EXERCISE INSTRUCTIONS:
The answer must be only the lines below from the one holding "Hey guys, I'm" down to the one holding "Right precordial leads", ends included, printed exactly; please omit all pictures.

#### SUPPLIED RECORDS ####

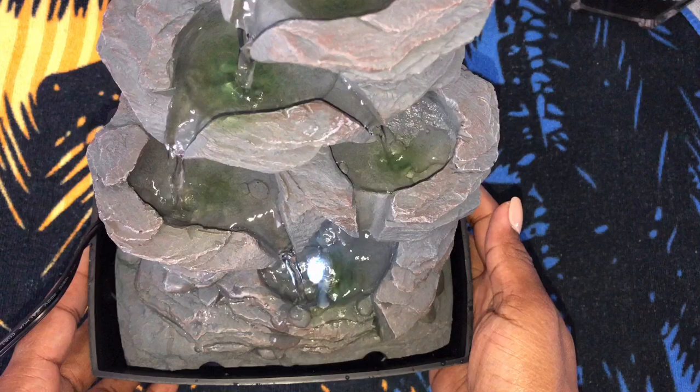Make sure your hands are dry before plugging it up. And as you can see, it's starting to come on. Okay, very nice — it's on, it's working. That's the sound of it!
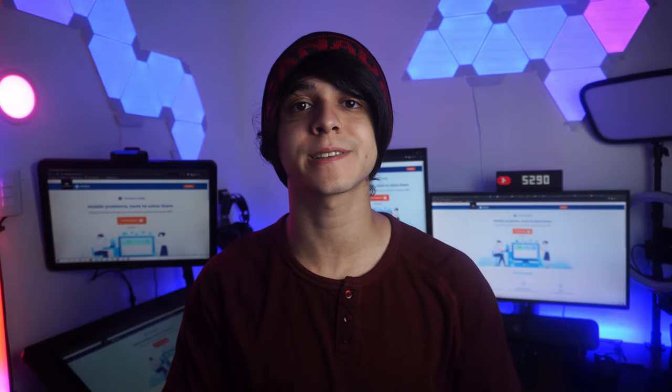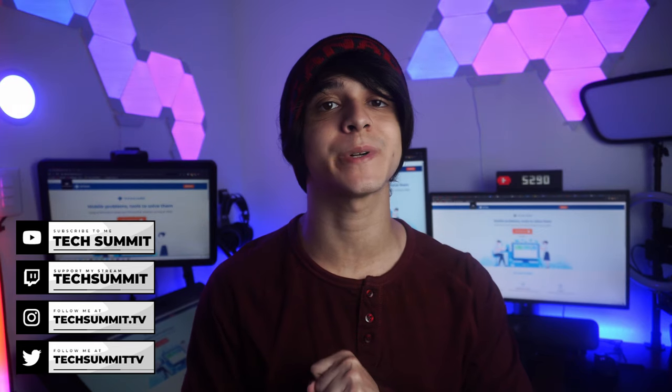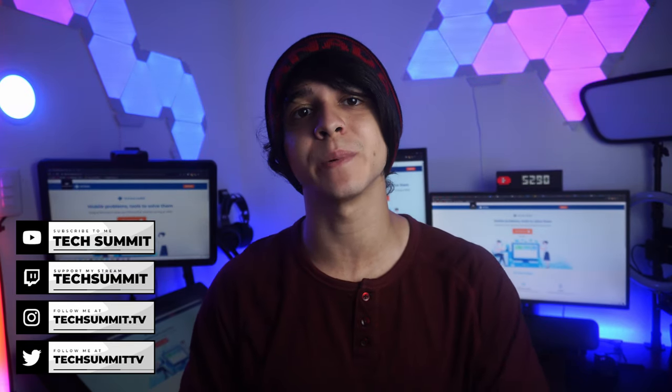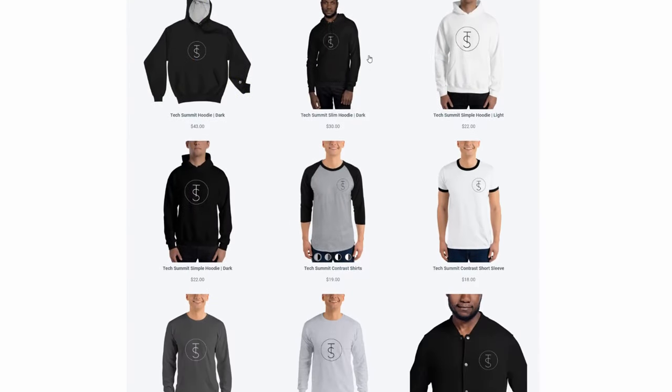For more great content like this, make sure to subscribe to our channel and turn on that notification bell so you don't miss any uploads. Also leave a like and a comment down below with your thoughts on this video. There's also going to be a merch store where you can buy some sweet Monochrome Tech Summit merch — links to everything down below.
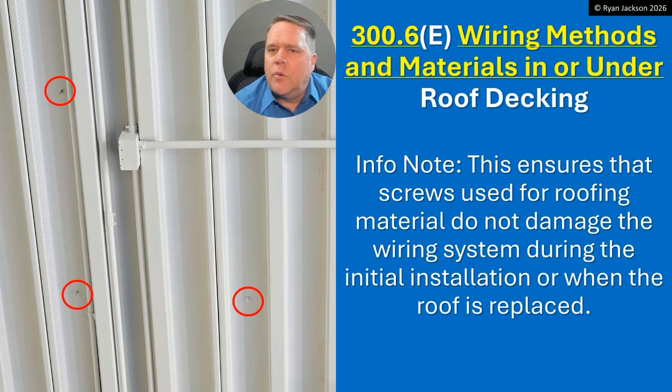There's also an informational note that's been there from day one — I think it's a good one. It reminds people that this rule exists because of screws used for roofing material; we don't want them damaging the wiring system either during initial installation or when the roof gets replaced. That was a common discussion when this first came in — installers would ask, if the roof is already there, why can't I run raceways up inside the roof decking like we have for decades? The informational note makes the answer clear: eventually that roof will get replaced, and new screws could go right into your conduit.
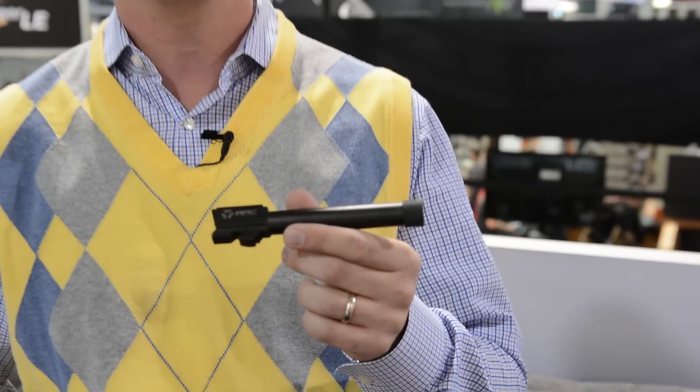Hey guys, I'm Mike Murs with Advanced Armament Corporation and I'd like to tell you about Advanced Armament threaded barrels today. The threaded barrels that we offer are in a myriad of calibers and host pistols.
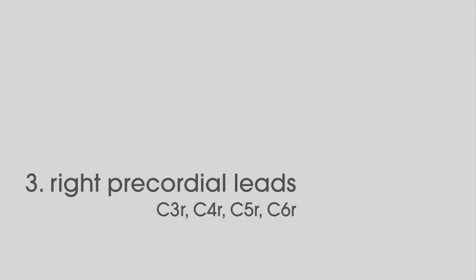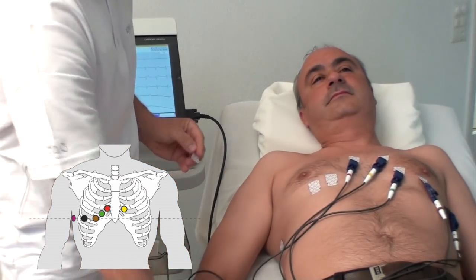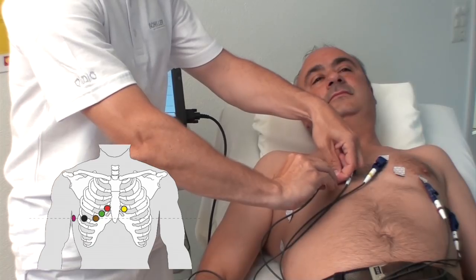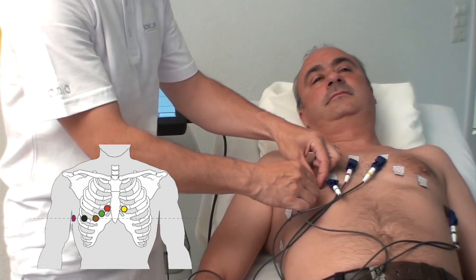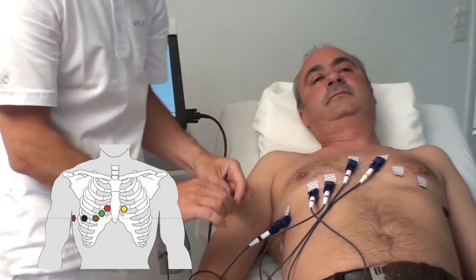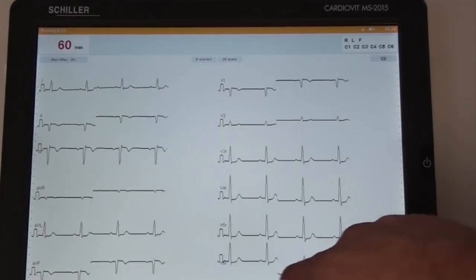Right precordial leads C3R, C4R, C5R, and C6R are recommended in the case of an acute infarction of the left ventricle's inferior wall. The electrodes C3 to C6 need to be repositioned as follows. C3R green, inverted C3. C4R brown, inverted C4. C5R black, inverted C5. C6R purple, inverted C6. Check the ECG signal on the screen and ensure that a good signal is displayed.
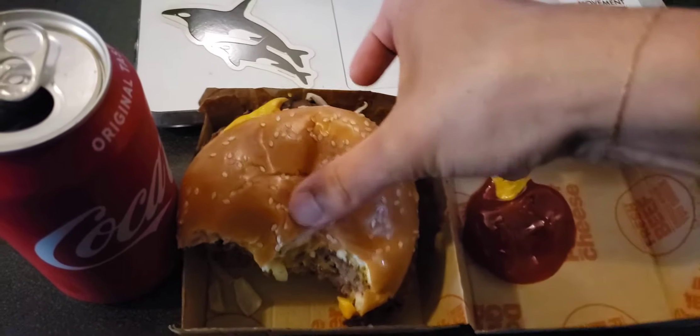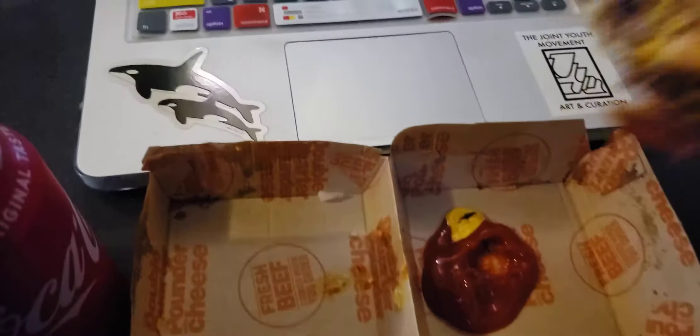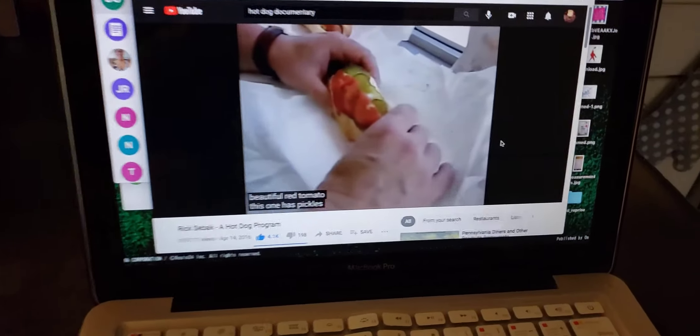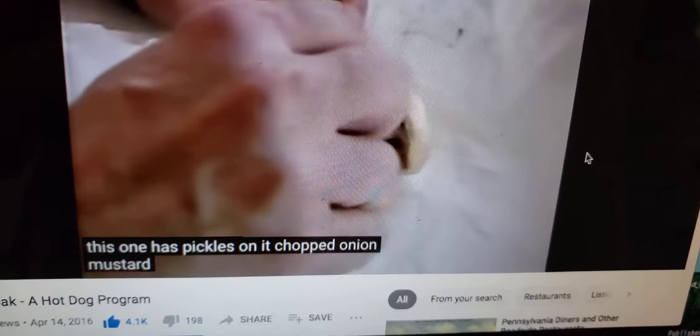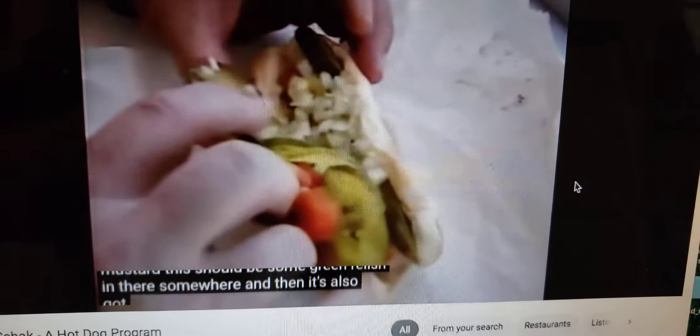The perfect way to make a hot dog, right in front of the person. This is a classic Chicago hot dog with a beautiful red tomato. This one has pickles on it, chopped onion, mustard. There should be some green relish in there somewhere. And then it's also got...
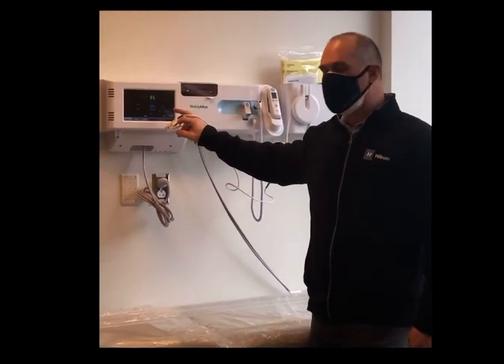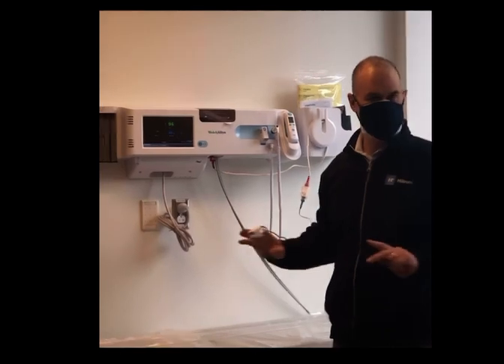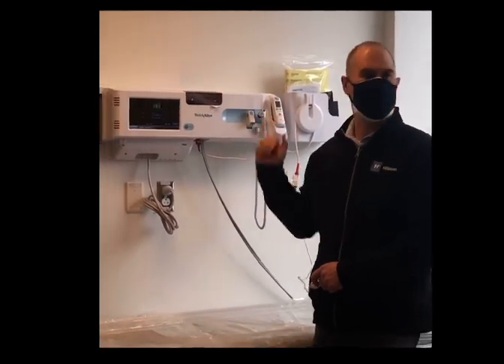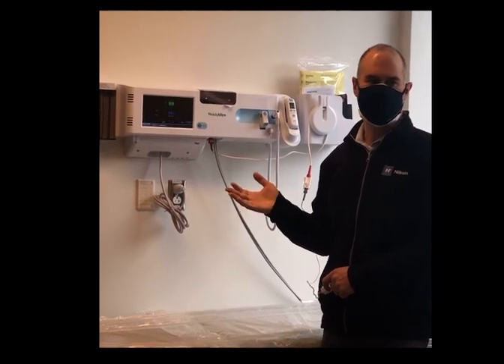So at what point do we stop it? Because it keeps going — it's going to be 91, 92, 93. Whenever you're comfortable that the patient is at rest, you take this off and it stops, and it reads the last reading before it was taken off. So I would give it at least 15 seconds.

####

REPLY TO THE TASK:
Hey guys, I'm Mike Murs with Advanced Armament Corporation and I'd like to tell you about Advanced Armament threaded barrels today. The threaded barrels that we offer are in a myriad of calibers and host pistols.
Right precordial leads C3R, C4R, C5R, and C6R are recommended in the case of an acute infarction of the left ventricle's inferior wall. The electrodes C3 to C6 need to be repositioned as follows. C3R green, inverted C3. C4R brown, inverted C4. C5R black, inverted C5. C6R purple, inverted C6. Check the ECG signal on the screen and ensure that a good signal is displayed.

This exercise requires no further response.